Directions:
All lines from the one containing "Red & Gold Cherry" through the final line of the records below should be reproduced exactly, with the pictures left out.

The data:
=== Begin Enclosure ===

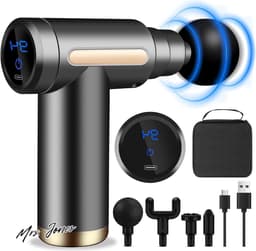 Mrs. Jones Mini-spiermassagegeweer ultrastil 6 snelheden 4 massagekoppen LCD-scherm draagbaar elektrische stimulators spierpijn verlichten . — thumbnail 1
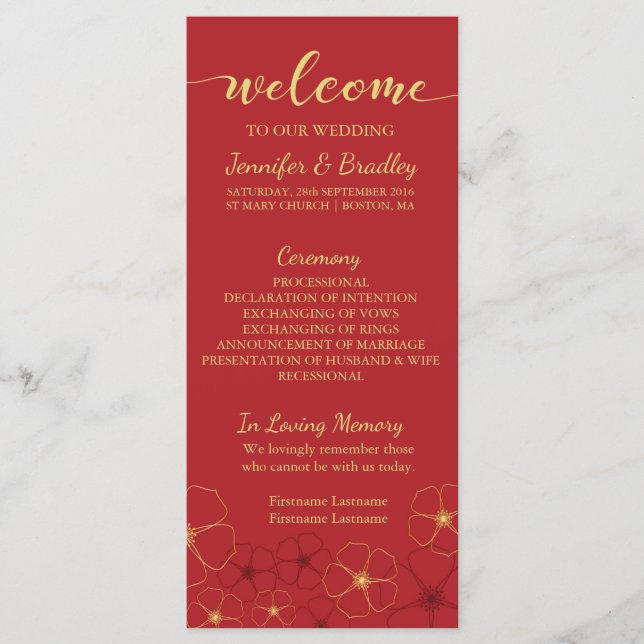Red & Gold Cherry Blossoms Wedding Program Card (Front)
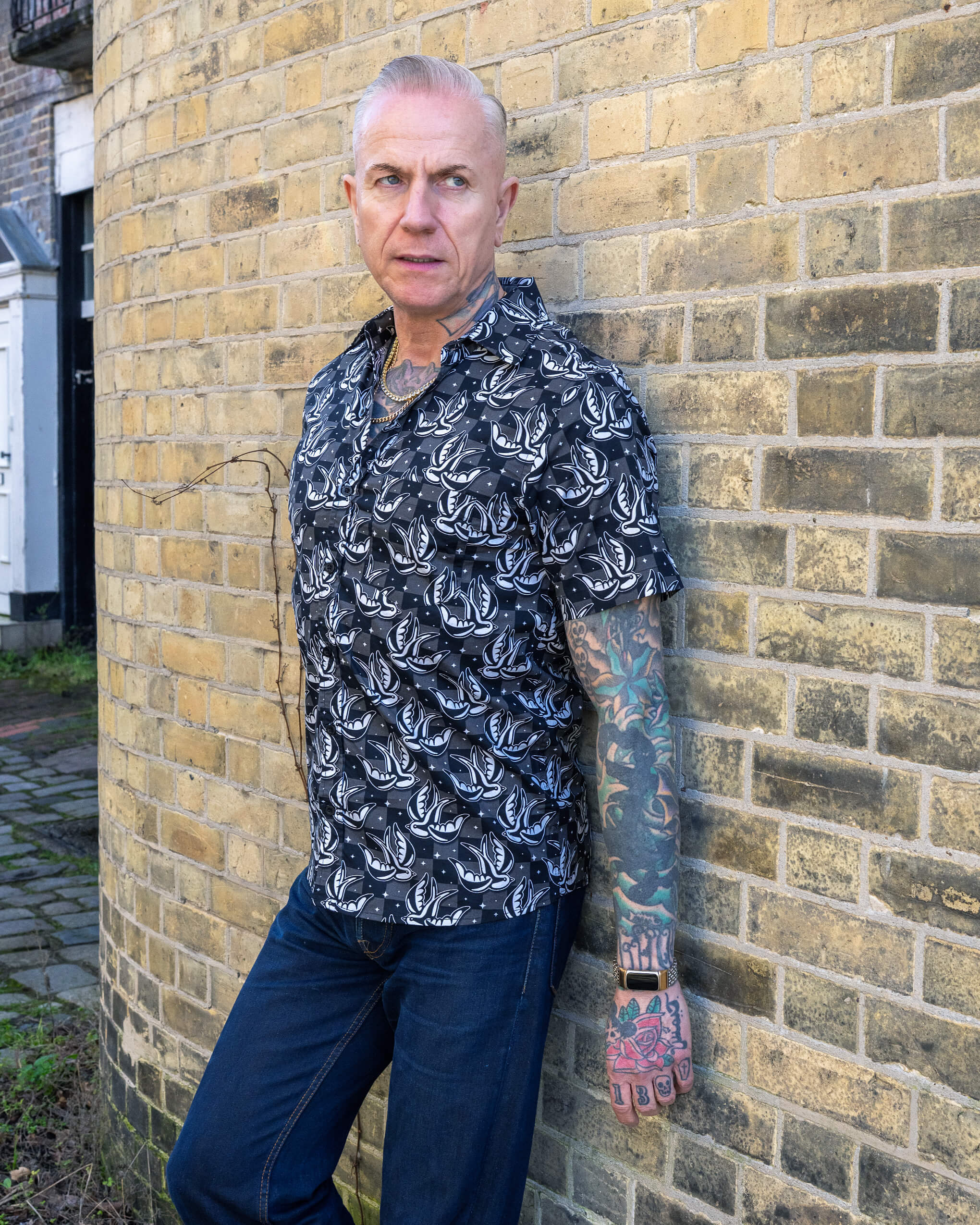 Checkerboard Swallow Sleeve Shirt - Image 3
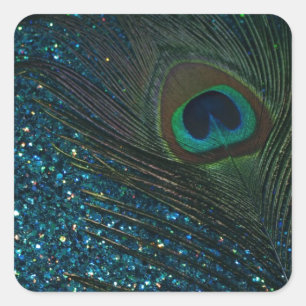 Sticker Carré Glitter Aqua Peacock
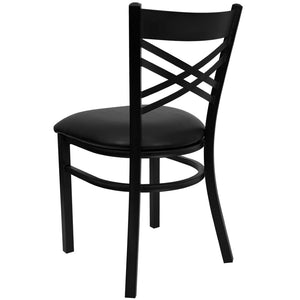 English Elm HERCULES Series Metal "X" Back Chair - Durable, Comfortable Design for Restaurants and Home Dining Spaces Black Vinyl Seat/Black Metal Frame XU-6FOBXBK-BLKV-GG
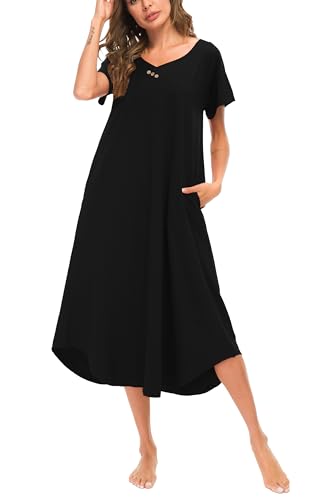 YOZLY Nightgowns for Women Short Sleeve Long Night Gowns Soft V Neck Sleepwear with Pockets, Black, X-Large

=== End Enclosure ===

Exercise result:
Red & Gold Cherry Blossoms Wedding Program Card (Front)
 Checkerboard Swallow Sleeve Shirt - Image 3
 Sticker Carré Glitter Aqua Peacock
 English Elm HERCULES Series Metal "X" Back Chair - Durable, Comfortable Design for Restaurants and Home Dining Spaces Black Vinyl Seat/Black Metal Frame XU-6FOBXBK-BLKV-GG
 YOZLY Nightgowns for Women Short Sleeve Long Night Gowns Soft V Neck Sleepwear with Pockets, Black, X-Large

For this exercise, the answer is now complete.